There's no place for any pins. The frame is about a 4" X 4" piece of square stock. The hole you see at the top has a same size hole on the bottom for the tooth to slip into. There has to be some kind of clip that goes onto the tooth and catching in one of those notches. Trouble is that I don't know what this clip would look like. I was hoping for a picture of one. Surely someone on this forum must have something similar. There are no other holes in the 4X4 piece of square stock frame but the rectangle holes on the top and bottom for the tooth.


----------



## Hoodoo Valley (Nov 14, 2006)

If you put the ripper in the slot does either of the two notches engage with and lock onto the 4X4 box wall thickness?


----------



## Hoodoo Valley (Nov 14, 2006)

If so, then I believe you need this style pin. https://www.agrisupply.com/flat-pin-for-box-blade-shanks/p/10405/ 

For this style shank similar to yours. https://www.agrisupply.com/box-blade-shank-18-3-slot/p/105648/


----------



## caryc (Nov 3, 2019)

Hoodoo Valley said:


> If so, then I believe you need this style pin. https://www.agrisupply.com/flat-pin-for-box-blade-shanks/p/10405/
> 
> For this style shank similar to yours. https://www.agrisupply.com/box-blade-shank-18-3-slot/p/105648/


Ok, what I'm thinking is the the blade goes in from the bottom and you tilt it forward at the top to catch the frame edge of the rectangle hole in one of the notches.. Then the flat pin is inserted at the back edge of the blade to keep it tilted forward and held by that notch. Am I anywhere near correct?


----------



## Hoodoo Valley (Nov 14, 2006)

I've never seen that style of lock up though I do prefer it over what I have, but I'd say you are correct. You should have 3 height options I'm thinking, based on the two notches.


----------



## FredM (Nov 18, 2015)

I should have picked up the pin operation, damn ingenious and a hole to tie a retainer to so you don't lose the pin.


----------



## bmaverick (Feb 20, 2014)

caryc said:


> Ok, what I'm thinking is the the blade goes in from the bottom and you tilt it forward at the top to catch the frame edge of the rectangle hole in one of the notches.. Then the flat pin is inserted at the back edge of the blade to keep it tilted forward and held by that notch. Am I anywhere near correct?


Are there marking on the box blade to know the manufacture? Maybe a users manual would tell-tale the setup on the rippers. 

Mine's a LMC from AL. It's the typical setup with the thru pins and not the notches. 
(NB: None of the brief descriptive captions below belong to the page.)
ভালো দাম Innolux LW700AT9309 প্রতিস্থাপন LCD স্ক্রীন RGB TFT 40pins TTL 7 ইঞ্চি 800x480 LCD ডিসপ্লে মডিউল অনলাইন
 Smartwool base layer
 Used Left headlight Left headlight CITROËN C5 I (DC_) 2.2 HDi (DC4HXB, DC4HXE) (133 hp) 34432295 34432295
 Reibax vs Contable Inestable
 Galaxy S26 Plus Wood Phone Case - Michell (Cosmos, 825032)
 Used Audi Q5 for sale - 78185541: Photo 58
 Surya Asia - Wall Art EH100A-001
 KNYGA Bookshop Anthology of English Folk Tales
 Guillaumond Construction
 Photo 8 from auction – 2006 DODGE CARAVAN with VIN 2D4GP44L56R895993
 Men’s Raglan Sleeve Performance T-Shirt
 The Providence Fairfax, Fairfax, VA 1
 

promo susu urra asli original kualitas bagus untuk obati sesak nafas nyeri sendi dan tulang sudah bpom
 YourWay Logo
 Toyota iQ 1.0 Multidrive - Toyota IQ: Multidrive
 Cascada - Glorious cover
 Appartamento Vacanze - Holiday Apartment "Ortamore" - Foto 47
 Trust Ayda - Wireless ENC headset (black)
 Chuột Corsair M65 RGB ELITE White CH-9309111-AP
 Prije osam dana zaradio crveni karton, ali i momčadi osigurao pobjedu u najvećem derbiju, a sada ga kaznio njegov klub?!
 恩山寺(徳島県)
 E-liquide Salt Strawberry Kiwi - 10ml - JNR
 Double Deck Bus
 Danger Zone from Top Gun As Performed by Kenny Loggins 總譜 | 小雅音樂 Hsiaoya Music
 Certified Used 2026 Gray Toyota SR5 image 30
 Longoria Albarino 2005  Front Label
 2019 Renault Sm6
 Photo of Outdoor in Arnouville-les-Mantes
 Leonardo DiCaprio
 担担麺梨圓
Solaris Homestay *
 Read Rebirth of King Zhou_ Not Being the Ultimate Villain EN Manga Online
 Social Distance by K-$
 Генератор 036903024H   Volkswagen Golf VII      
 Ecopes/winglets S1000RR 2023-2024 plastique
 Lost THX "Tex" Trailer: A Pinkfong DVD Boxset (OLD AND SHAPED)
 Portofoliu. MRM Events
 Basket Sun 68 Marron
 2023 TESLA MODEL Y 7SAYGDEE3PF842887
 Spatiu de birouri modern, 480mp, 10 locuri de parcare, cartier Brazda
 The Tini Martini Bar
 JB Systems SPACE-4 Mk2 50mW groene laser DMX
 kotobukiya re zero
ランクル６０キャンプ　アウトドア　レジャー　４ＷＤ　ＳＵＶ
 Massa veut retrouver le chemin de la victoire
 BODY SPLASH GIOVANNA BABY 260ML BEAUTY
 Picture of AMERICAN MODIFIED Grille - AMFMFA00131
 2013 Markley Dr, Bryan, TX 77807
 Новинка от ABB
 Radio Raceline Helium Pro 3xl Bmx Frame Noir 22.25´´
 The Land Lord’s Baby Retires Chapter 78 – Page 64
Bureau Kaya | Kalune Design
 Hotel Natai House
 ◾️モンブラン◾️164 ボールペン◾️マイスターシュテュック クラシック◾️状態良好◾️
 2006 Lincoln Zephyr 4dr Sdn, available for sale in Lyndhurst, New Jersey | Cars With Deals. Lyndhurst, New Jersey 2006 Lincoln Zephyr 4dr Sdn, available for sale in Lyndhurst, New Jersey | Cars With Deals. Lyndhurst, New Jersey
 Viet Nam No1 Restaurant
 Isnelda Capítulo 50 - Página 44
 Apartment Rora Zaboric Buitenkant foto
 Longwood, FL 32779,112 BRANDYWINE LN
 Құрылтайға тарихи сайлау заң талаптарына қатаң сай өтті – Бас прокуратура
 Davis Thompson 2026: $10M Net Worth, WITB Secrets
BTW, love the ASC links. It's hard to beat their pricing on a bunch of stuff including adding in the shipping! Wish there were more of these stores nation wide.


----------



## caryc (Nov 3, 2019)

Yes, I think there is a label on it. I'll check it today to see if it's still readable. By the way, a hint on those very old labels; If you take a digital camera with a macro setting and take some close up pics of a label at slightly different angles so the light hits it differently, you can sometimes make it readable with adjustments and simple photo editing program. I had to do that to get the serial number off the engine in my MF202.


----------



## oldman570 (Nov 20, 2019)

The longer part of the Agri Fab pins slips down into the slot in the frame after the rippers are set at the height the operator wants. The part of the pin with the hole in it should be to the rear of the box. I set my box blade up and then wielded a 3/8" round stock to the pins to keep them together so I would not loose them, and it works great. When I want to change the rippers to a diffrent height I pull the pin and bars, reset the rippers, and replace the pins and bar at once.


----------